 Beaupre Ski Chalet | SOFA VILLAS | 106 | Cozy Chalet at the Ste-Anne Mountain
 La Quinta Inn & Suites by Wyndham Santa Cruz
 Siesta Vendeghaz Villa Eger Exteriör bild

What the exercise asks - Each of the lines from the one that contains "La Quinta Inn & Suites by Wyndham Santa Cruz" through the last line of the data needs to be repeated exactly, with no others.

Output of the task -
 La Quinta Inn & Suites by Wyndham Santa Cruz
 Siesta Vendeghaz Villa Eger Exteriör bild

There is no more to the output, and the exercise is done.